Pour améliorer tout cela la prise de Mg seul ne suffit pas, il faut en plus certaines vitamines et autres molécules anti-stress, et il faut surtout mettre un bouchon au niveau des fuites. Avez-vous déjà pu prendre un bain en ouvrant seulement les robinets et en oubliant de mettre le bouchon ? Ce bouchon sera ici une meilleure hygiène de vie, une meilleure écoute de soi accompagnée d’un meilleur respect de ce que nous sommes, une meilleure intelligence corporelle et émotionnelle. Mais en mettant ce bouchon, n’oublions pas aussi d’ouvrir les robinets !
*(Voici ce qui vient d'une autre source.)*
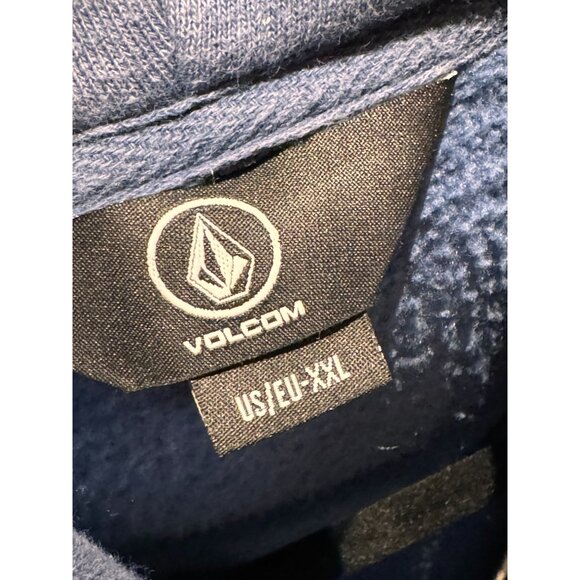 Volcom XXL Custom Bleached Mens Pullover Hoodie Blue & Cream - Picture 5 of 5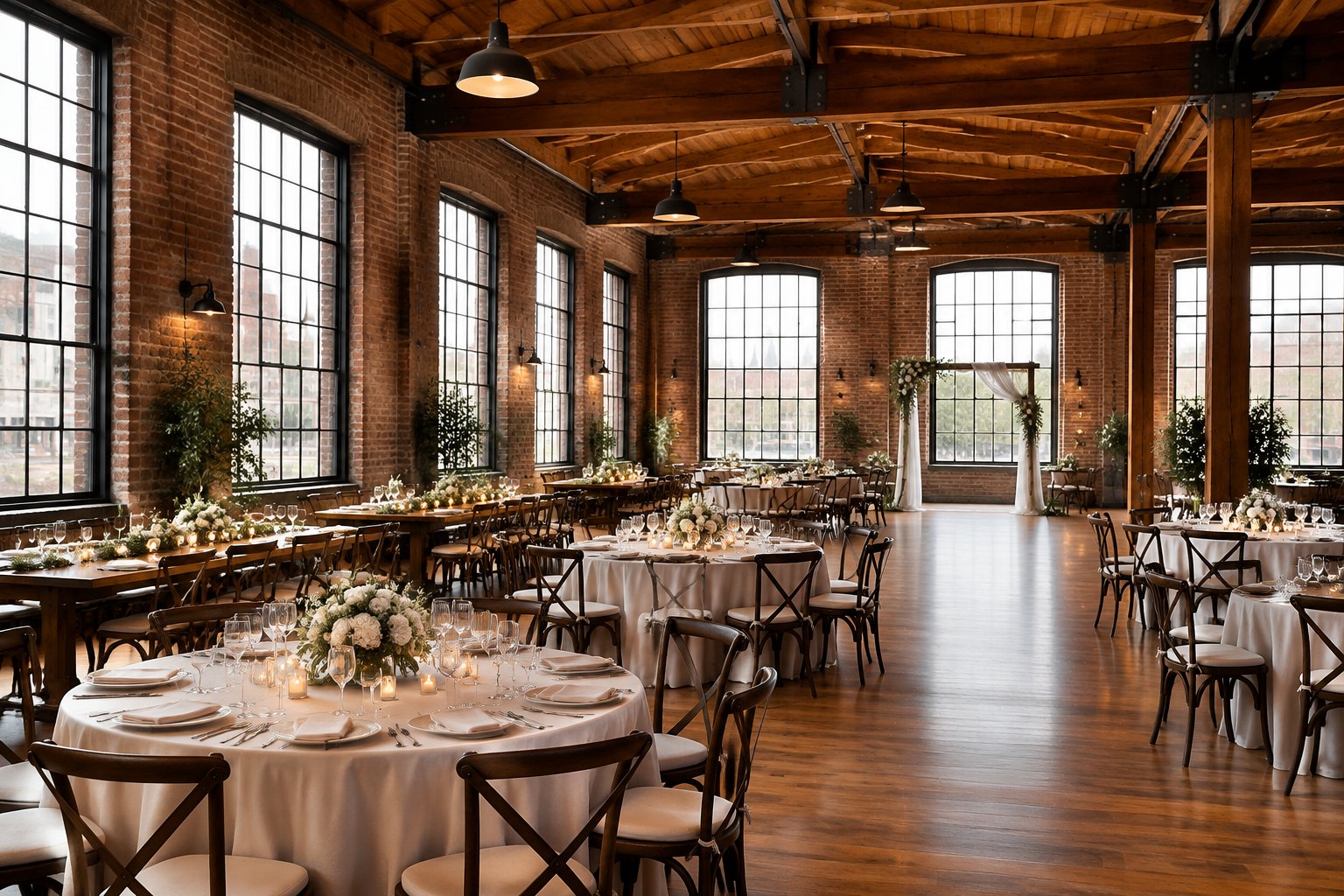 A wedding reception setup inside a brick industrial venue with tall windows and exposed beams.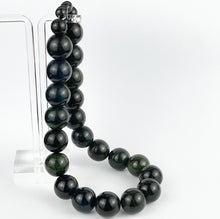 Load image into Gallery viewer, Vintage Bakelite Choker Necklace in Dark Green with Screw Clasp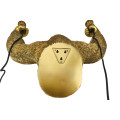 Designov&aacute; glamour n&aacute;stěnn&aacute; lampa Tierra Glam s designem opice se dvěma ž&aacute;rovkami ve zlat&eacute; barvě 50 cm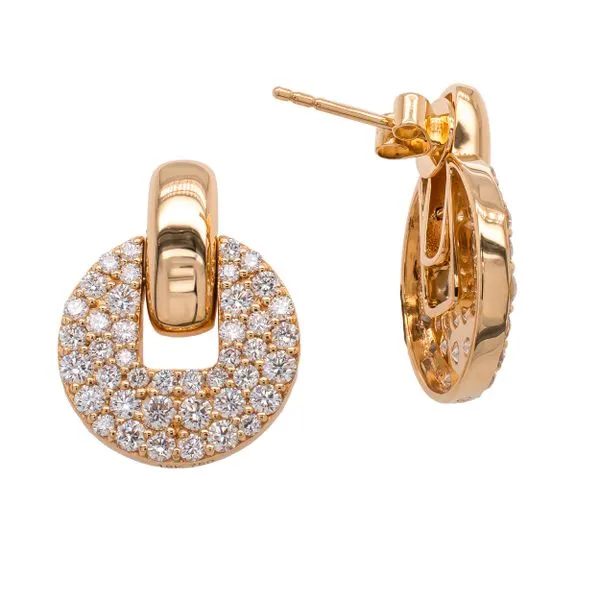 18K Yellow Gold Diamond Circle Hinged Stud Earrings LeeBrant Jewelry & Watch Co Sandy Springs, GA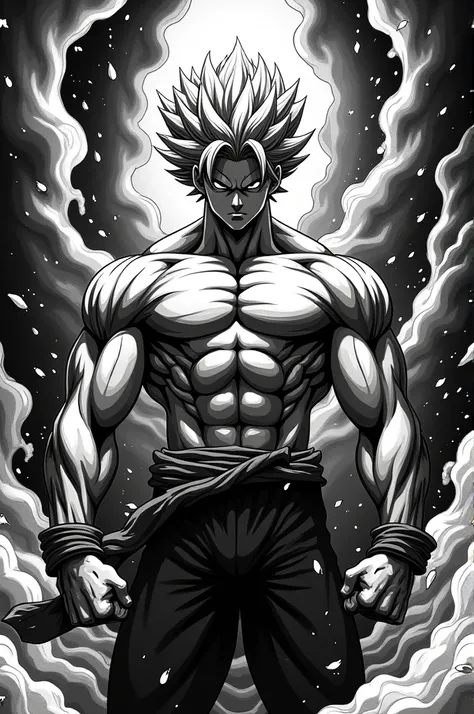 create a strong anime character in black and white, in the baki hanma style with a black and white psychedelic style background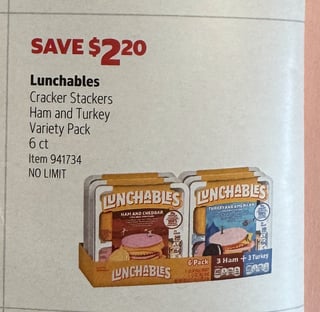Savings Book panel for Lunchables Cracker Stackers Ham and Turkey Variety Pack, 6 ct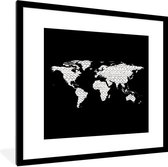 Fotolijst incl. Poster - Wereldkaart - Zigzag - Grijs - 40x40 cm - Posterlijst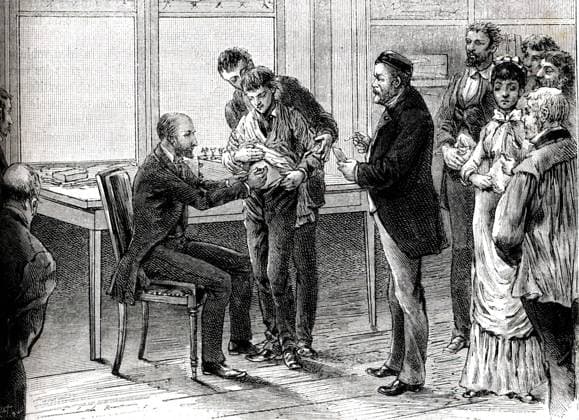 People queueing in the laboratories of Louis Pasteur for the vaccination against rabies . Paris 1885, Krankheit, krank UnitedArchives00599572 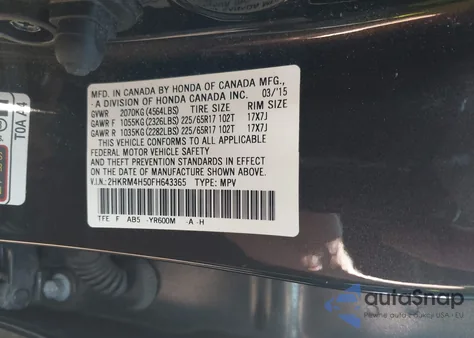 2015 Honda Cr-V Ex from USA, damaged, VIN 2HKRM4H50FH643365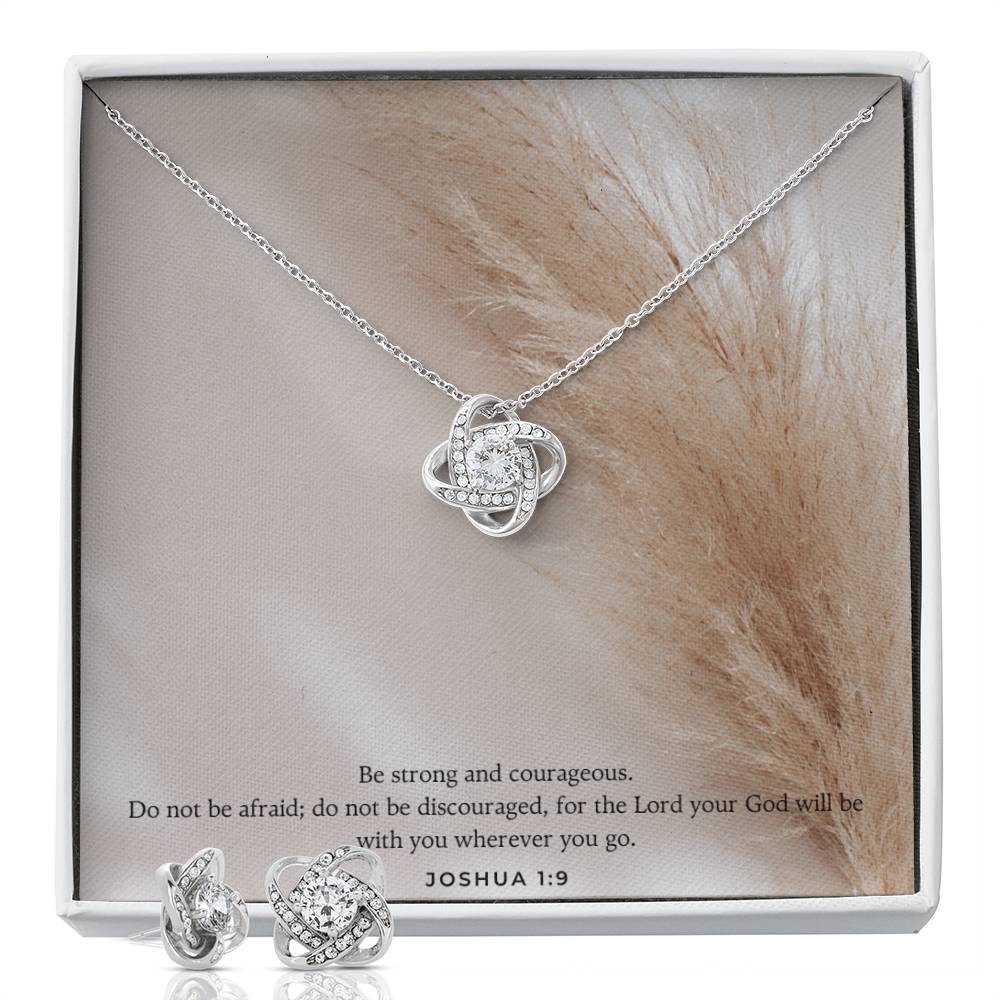 Love knot earring and necklace set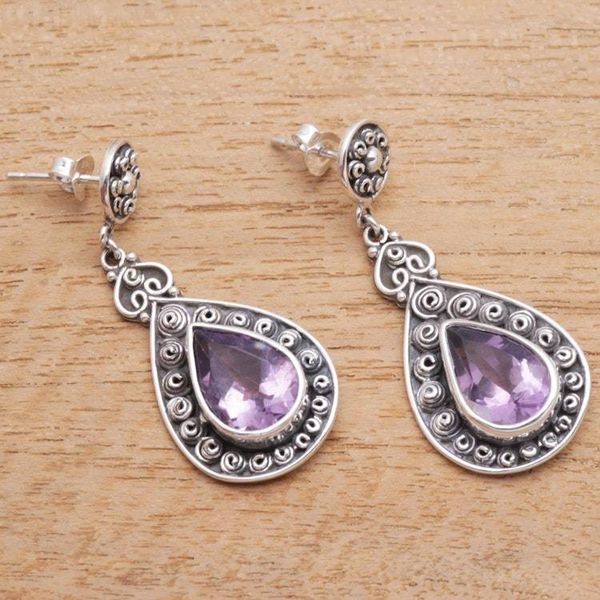 Alternate image for 10-Carat Amethyst Dangle Earrings from Java Royal Tears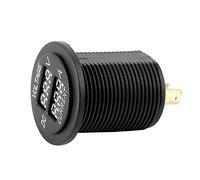 Yctze Voltmetro Digitale a LED Amperometro Misuratore di Corrente Rotondo per Voltmetro Digitale Motore, Amperometro LED, per Moto, per Auto, per Auto, per Barca, 12-24 V Vol
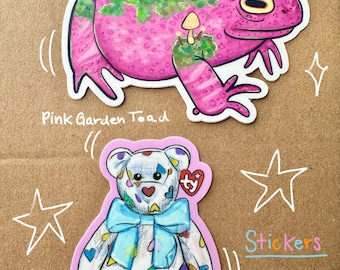 Fantasy "Pink Garden Toad" Vinyl Die-Cut Sticker 3" -Original art by Hearttrinkets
Notre recette donc : une démarche classique et systématique. Pas de « monothérapie » et dédramatiser le plus vite possible en expliquant bien au patient l’origine des problèmes : cette hyperémotivité refoulée, … ce que ne font malheureusement pas les trop nombreux sites internet consacrés au problème ou les associations plus ou moins nationales de cette pathologie. Bien souvent leurs propos inquiètent encore plus le patient, d’où augmentation des décharges d’adrénaline, des tensions physiques et mentales … des symptômes de la maladie.

Donc :
- toute technique psycho-corporelle, unissant pour un mieux vivre le corps et l’esprit,
- toute pratique de relaxation,
- des conseils de meilleure hygiène de vie (sport, loisirs positifs …).
- la prise régulière de magnésium, de vit. B et D, d’antioxydants …
- de la kiné (douce et progressive)
- un myorelaxant,
- des antidépresseurs si nécessaire et de façon ponctuelle,
- des anti-inflammatoires si tolérés …

L’approche se fera de façon globale en insistant sur la relaxation et sur une meilleure perception de soi, afin de redonner une image plus positive. Par des exercices simples, peu contraignants et toujours en deçà de la douleur, nous permettons aux patients de retrouver des sensations corporelles positives. Par une meilleure gestion de leur respiration, ces patients ont les moyens de gérer leurs crises d’hyperventilation.